▸ Listed records
^^^^^^^^^^^^^^^^

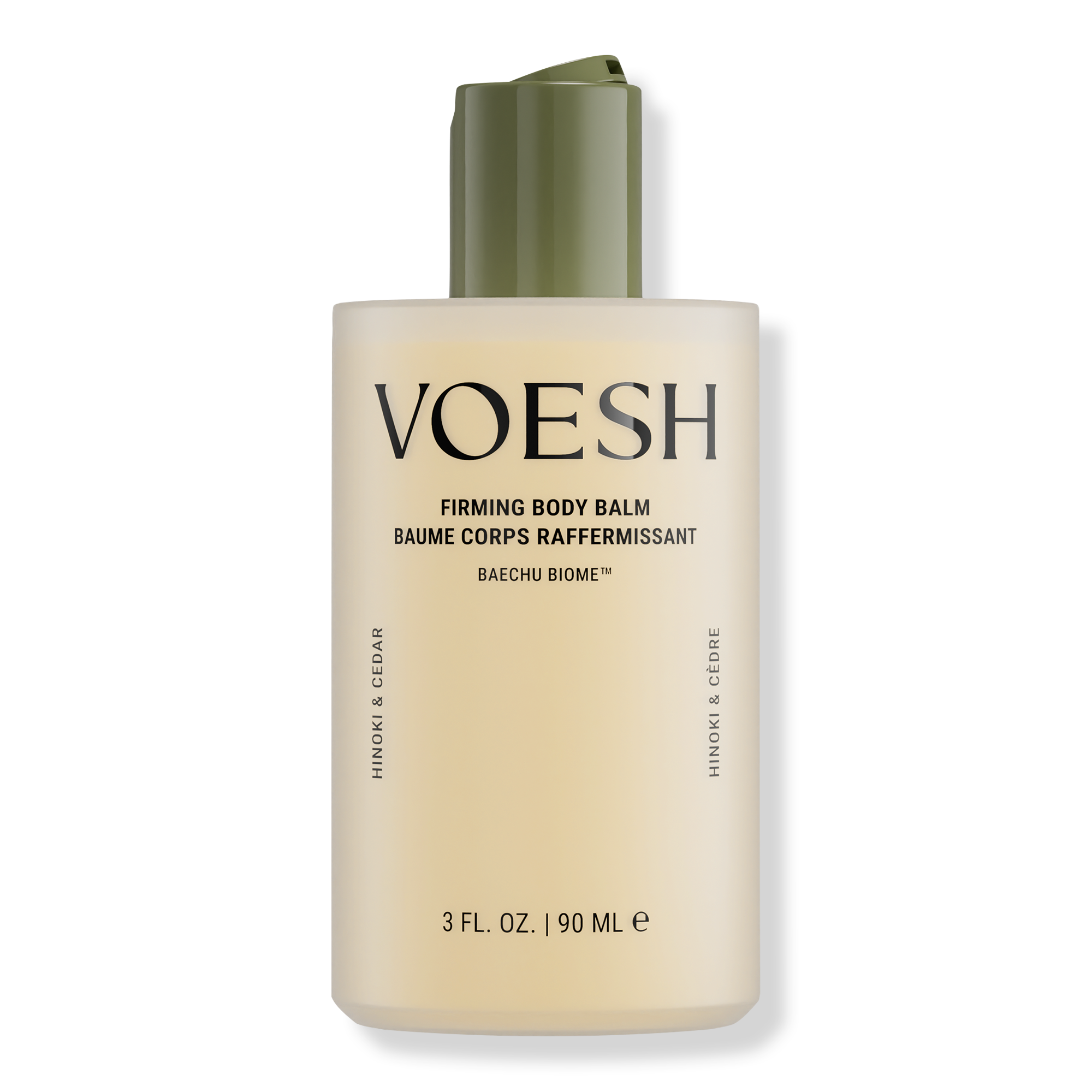 VOESH Mini Firming Body Balm with Caffeine for Daily Moisturizing #1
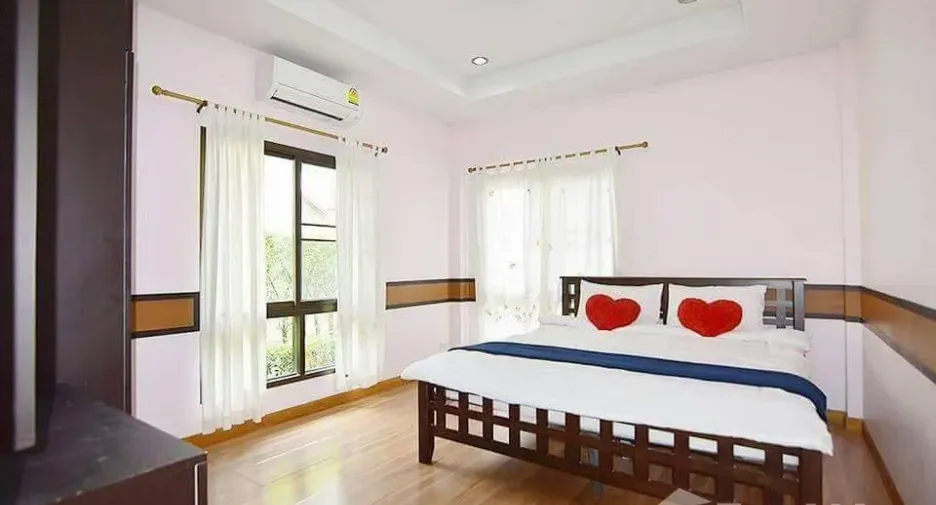 ขาย 3 ห้องนอน วิลล่า ใน หัวหิน, ประจวบคีรีขันธ์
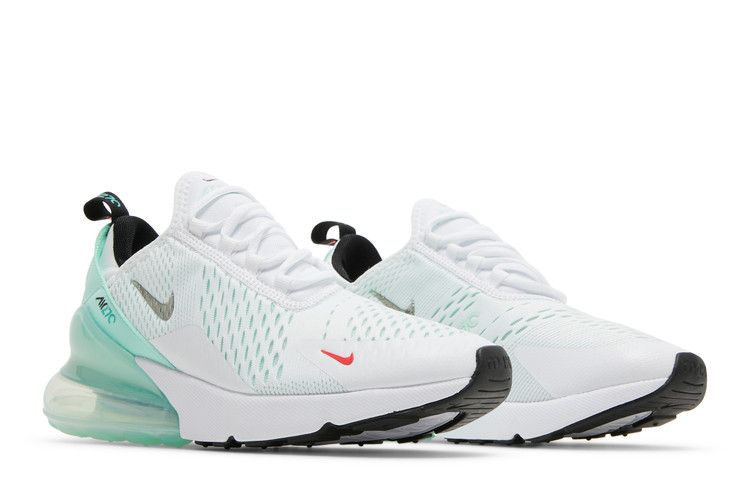 Nike Wmns Air Max 270 'White Mint Foam'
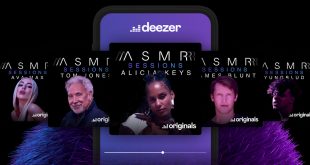 5 dünya starı, Deezer’ın “ASMR Sessions” Derlemesi için en hit şarkılarını fısıldadı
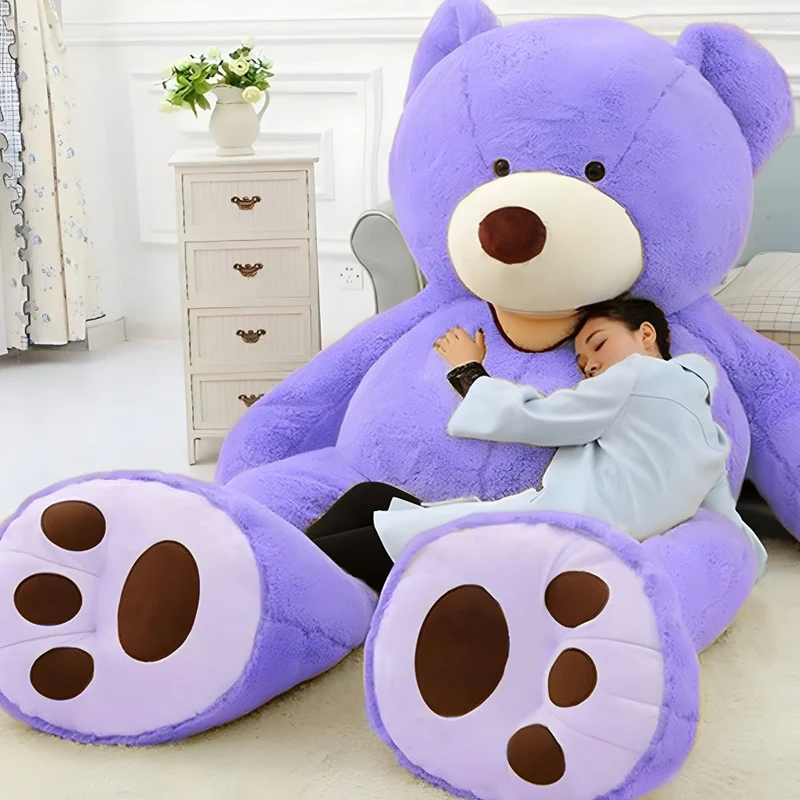 Large Plush Gift Teddy Bear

^^^^^^^^^^^^^^^^

▸ Exercise
Take the line containing "Nike Wmns Air Max 270 'White Mint Foam'" and every line after it to the end of the records, and restate them verbatim, with no pictures.

▸ Your response
 Nike Wmns Air Max 270 'White Mint Foam'
 5 dünya starı, Deezer’ın “ASMR Sessions” Derlemesi için en hit şarkılarını fısıldadı
 Large Plush Gift Teddy Bear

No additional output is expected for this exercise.